*EXERCISE*: The answer is the exact run of lines in the listing below from the line containing "SEVENTEEN - Attacca" up to and including the line containing "上海公交车展展会现场(现场盛况)6", with pictures removed.

*DATA EXCERPTS*:

[Start of Attachment]

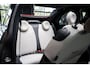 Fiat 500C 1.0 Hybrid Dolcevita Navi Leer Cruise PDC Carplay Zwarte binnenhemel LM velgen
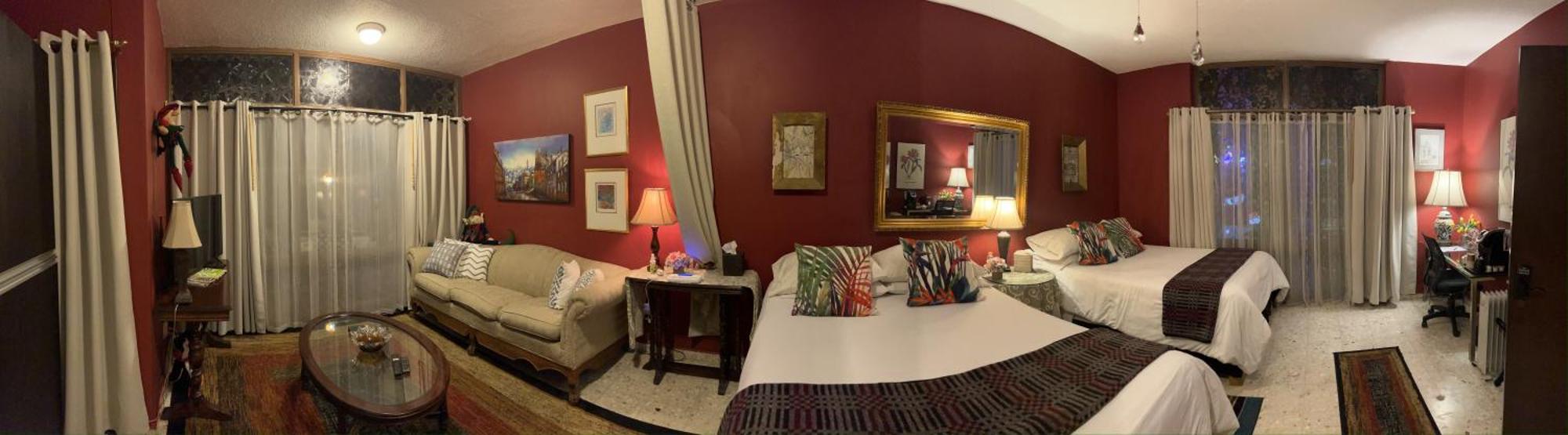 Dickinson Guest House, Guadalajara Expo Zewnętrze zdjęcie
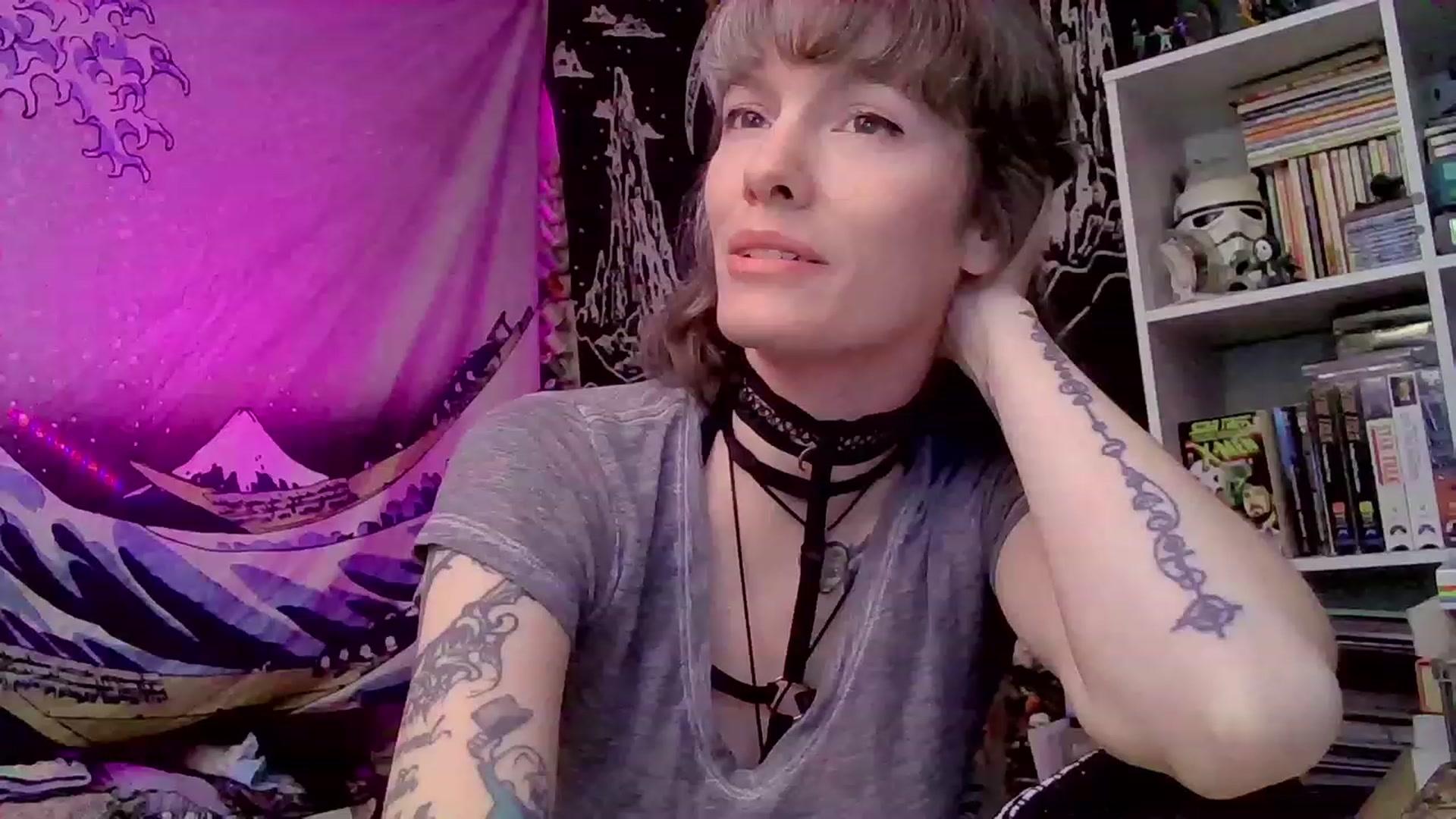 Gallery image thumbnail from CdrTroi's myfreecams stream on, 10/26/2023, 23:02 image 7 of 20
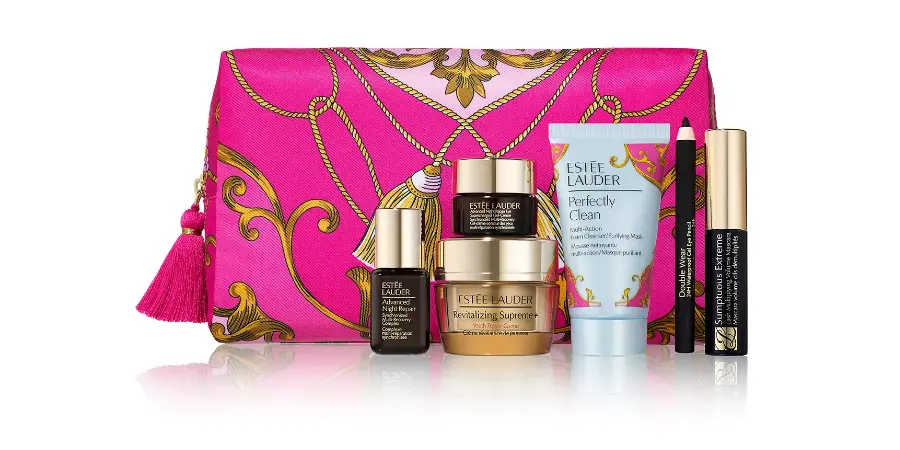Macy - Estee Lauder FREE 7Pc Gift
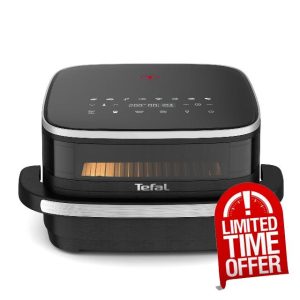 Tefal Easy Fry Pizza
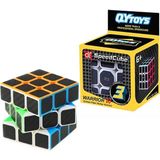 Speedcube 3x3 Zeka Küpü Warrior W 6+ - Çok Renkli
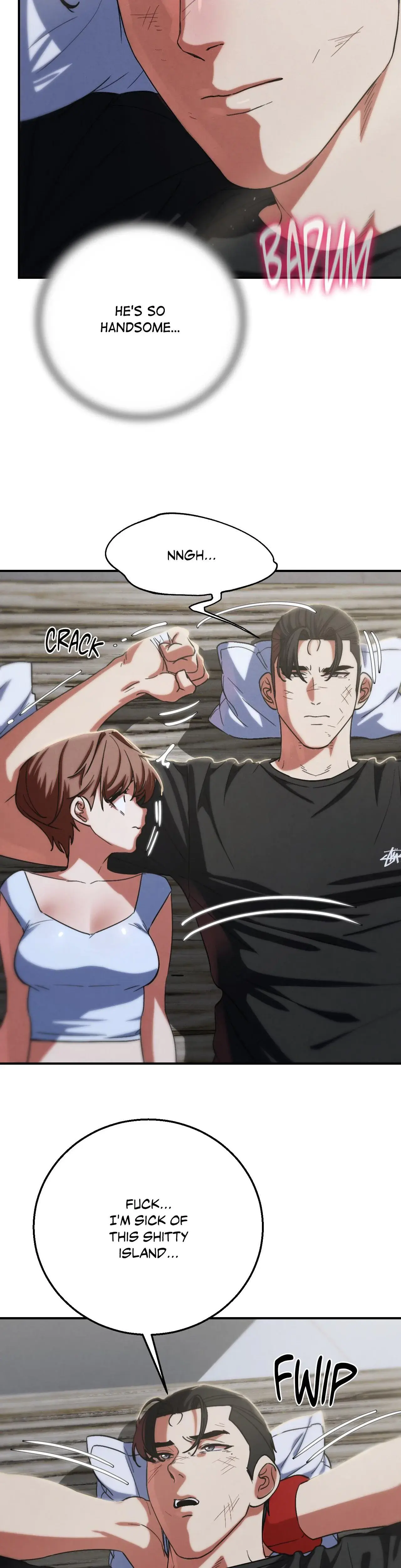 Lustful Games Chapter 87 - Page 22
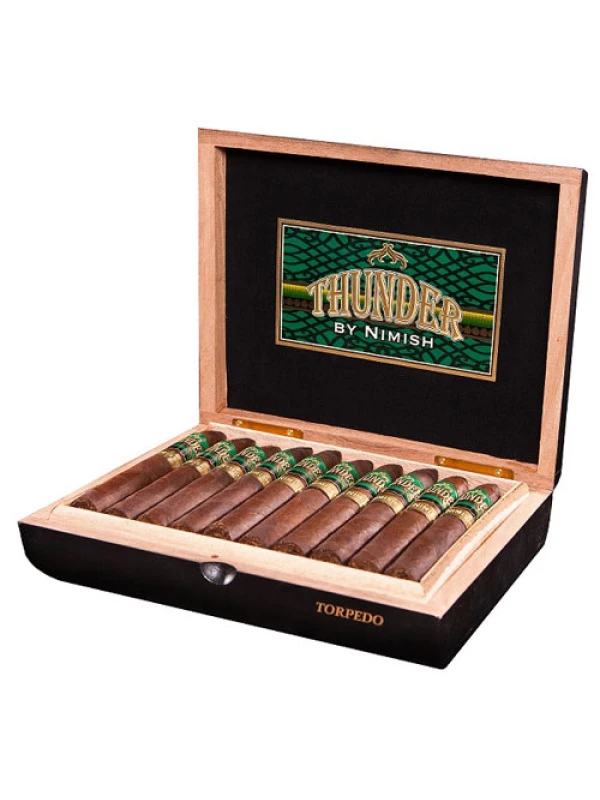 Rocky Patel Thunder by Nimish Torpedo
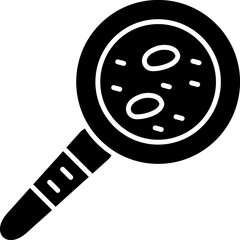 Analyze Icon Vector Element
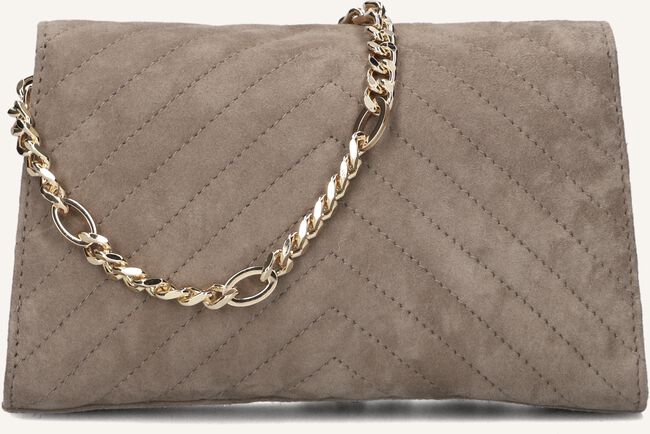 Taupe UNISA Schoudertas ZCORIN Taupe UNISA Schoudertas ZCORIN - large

[End of Attachment]
[Start of Attachment]

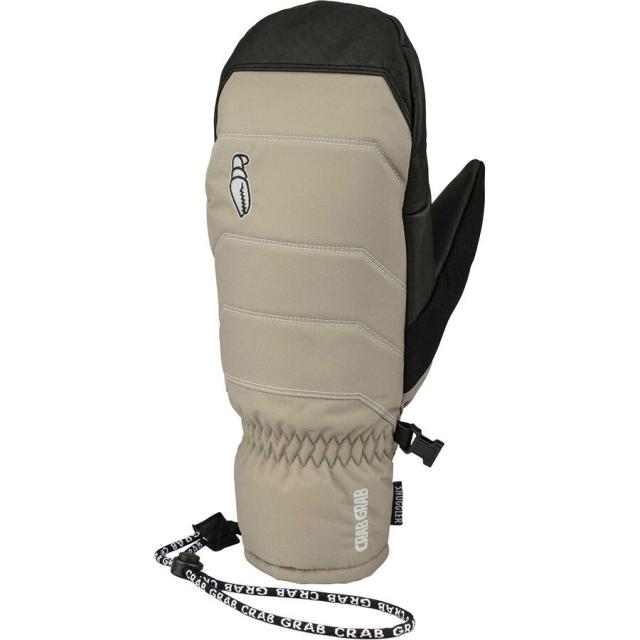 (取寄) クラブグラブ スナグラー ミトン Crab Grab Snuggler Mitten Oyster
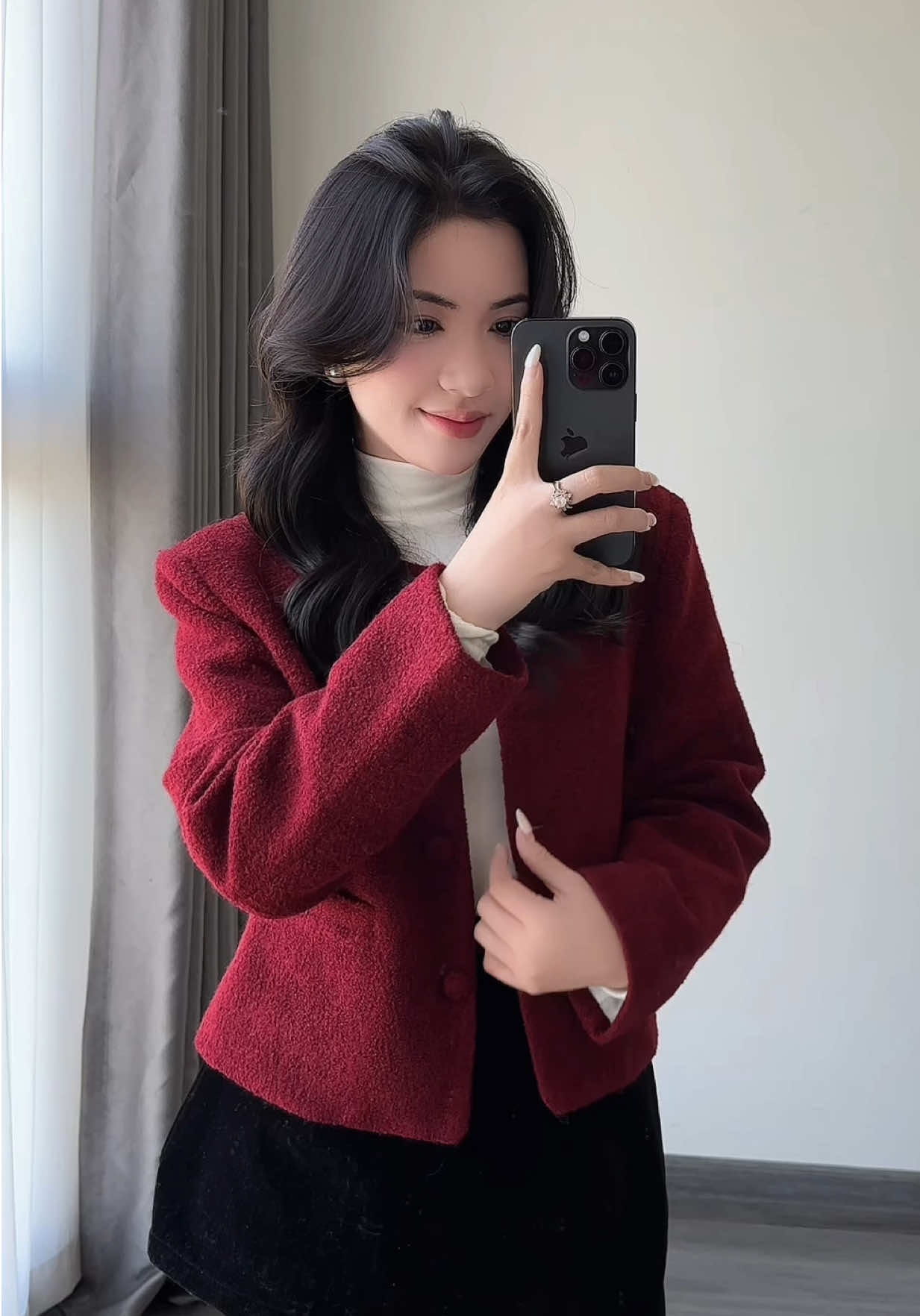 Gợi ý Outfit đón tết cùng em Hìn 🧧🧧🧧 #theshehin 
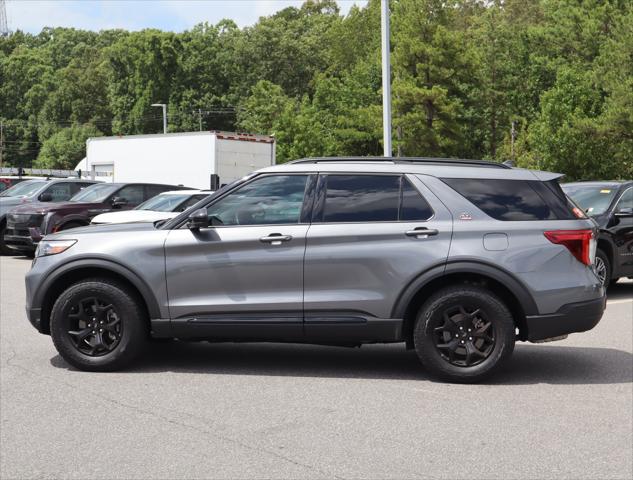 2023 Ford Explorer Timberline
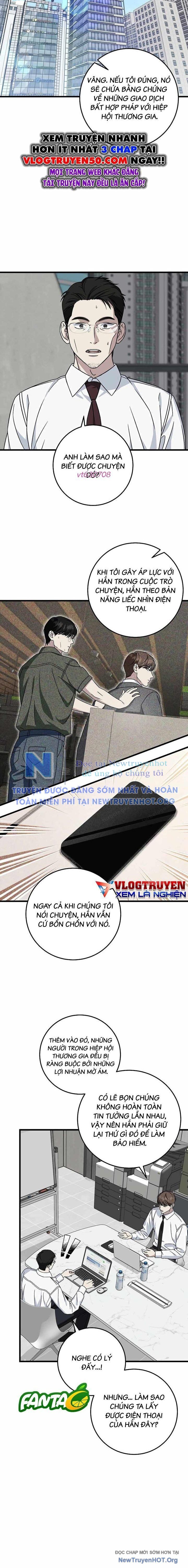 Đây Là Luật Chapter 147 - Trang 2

[End of Attachment]
[Start of Attachment]

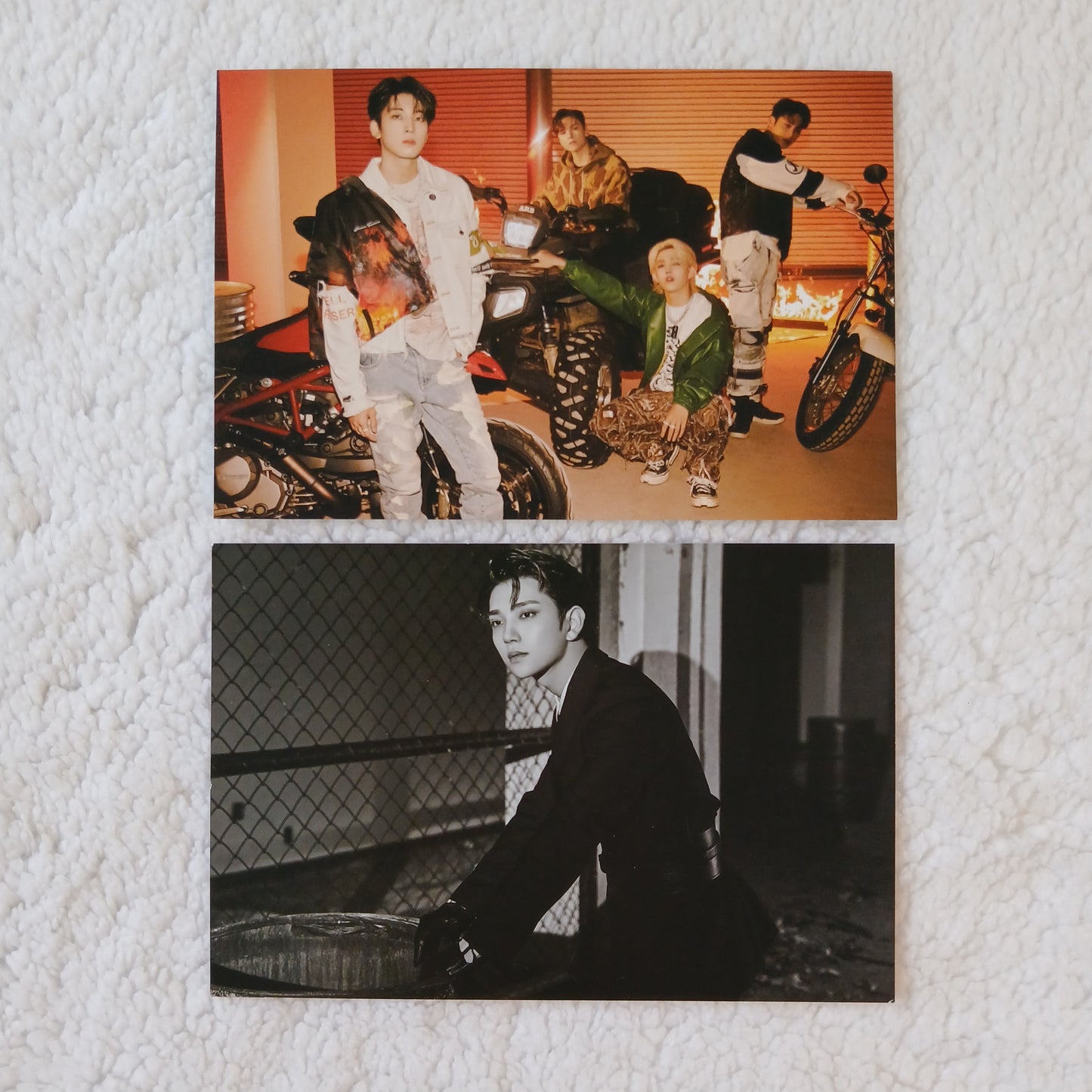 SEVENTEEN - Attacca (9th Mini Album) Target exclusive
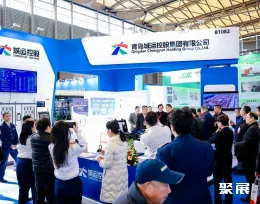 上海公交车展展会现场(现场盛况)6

[End of Attachment]

*YOUR RESPONSE*:
 SEVENTEEN - Attacca (9th Mini Album) Target exclusive
 上海公交车展展会现场(现场盛况)6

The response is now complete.